Your goal: Omit all pictures and transcribe only the lines in the entries below that run from the line with "Torrid Faux Wrap" through the line with "Dual Blades for".

Record excerpts:
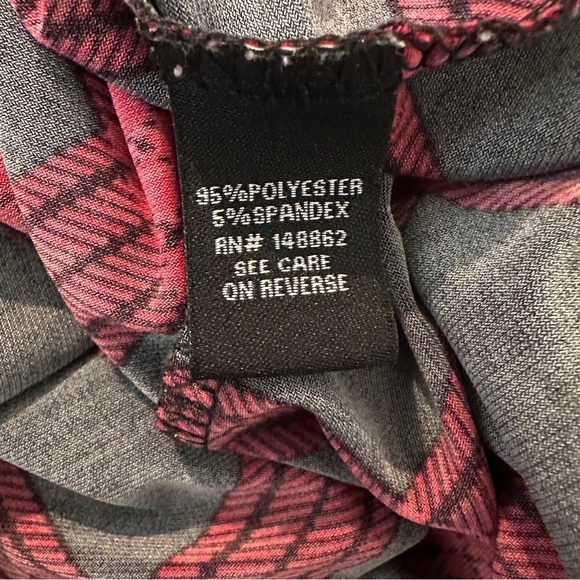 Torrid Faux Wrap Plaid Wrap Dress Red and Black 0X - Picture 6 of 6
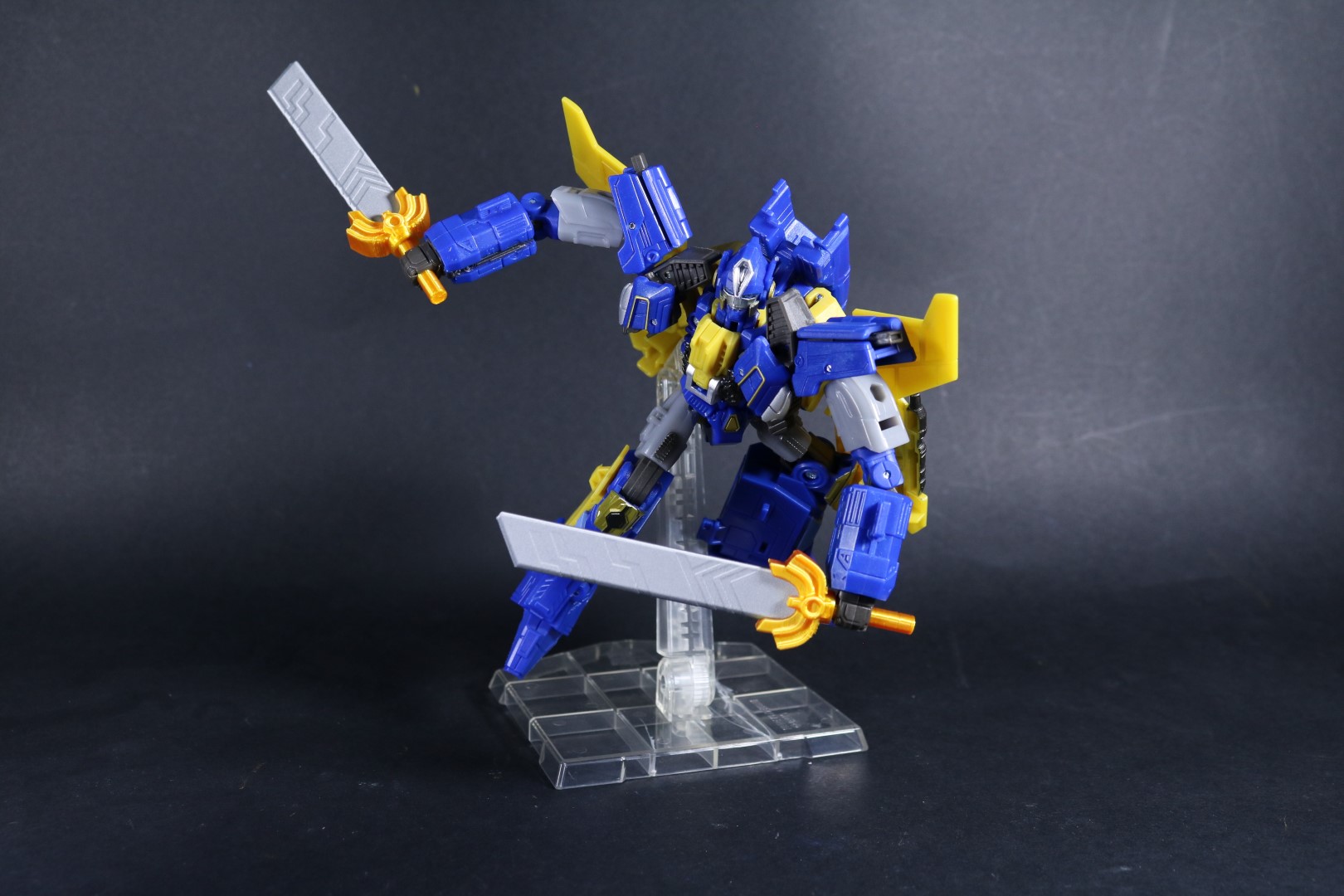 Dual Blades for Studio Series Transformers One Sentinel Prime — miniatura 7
--
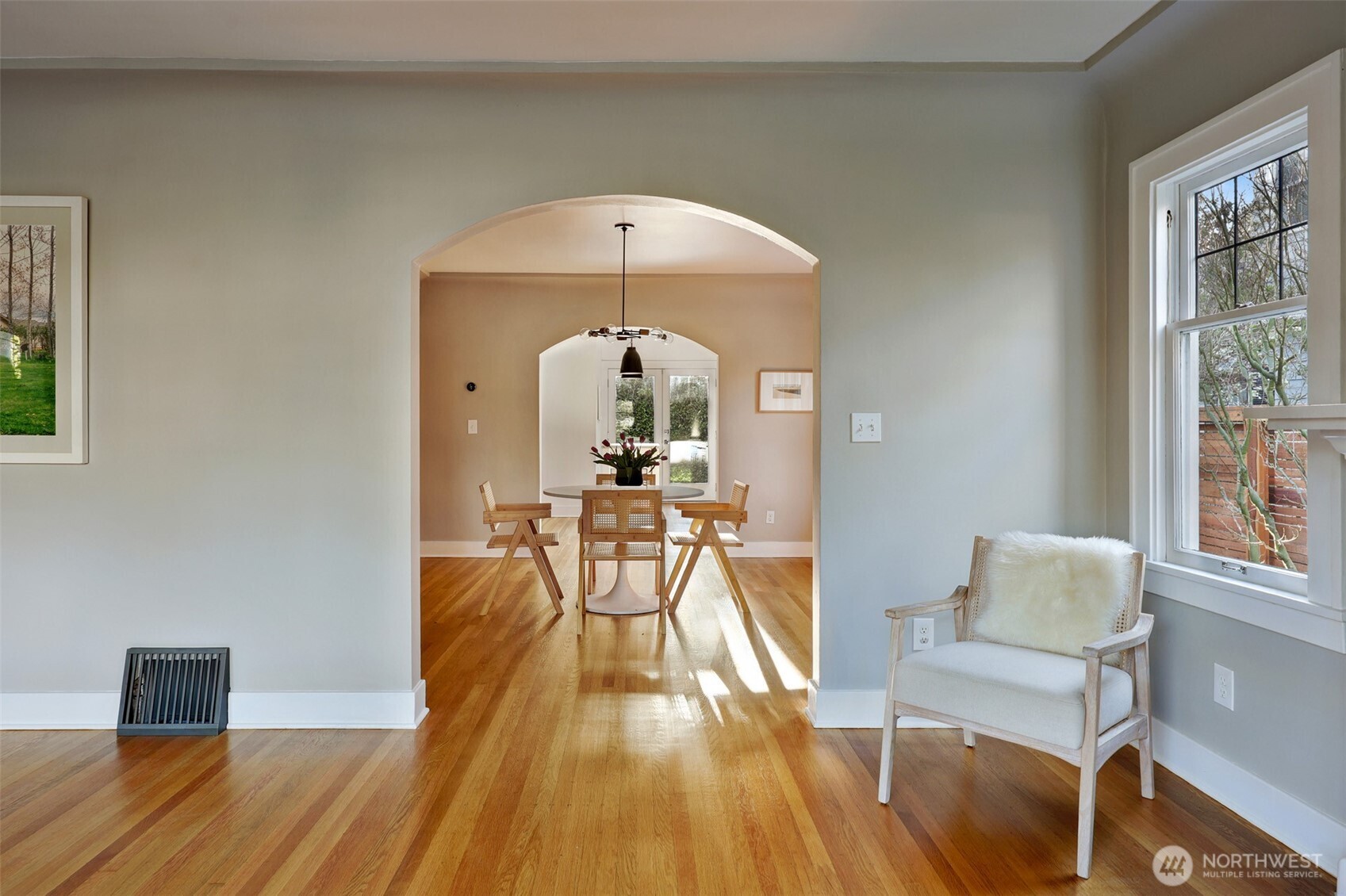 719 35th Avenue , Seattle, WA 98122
...
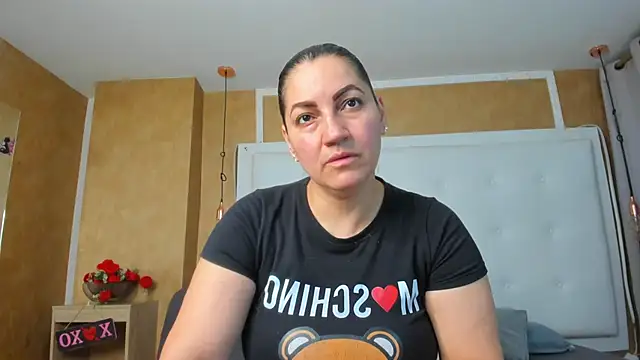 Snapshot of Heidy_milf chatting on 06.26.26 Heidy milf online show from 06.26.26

Exercise result:
 Torrid Faux Wrap Plaid Wrap Dress Red and Black 0X - Picture 6 of 6
 Dual Blades for Studio Series Transformers One Sentinel Prime — miniatura 7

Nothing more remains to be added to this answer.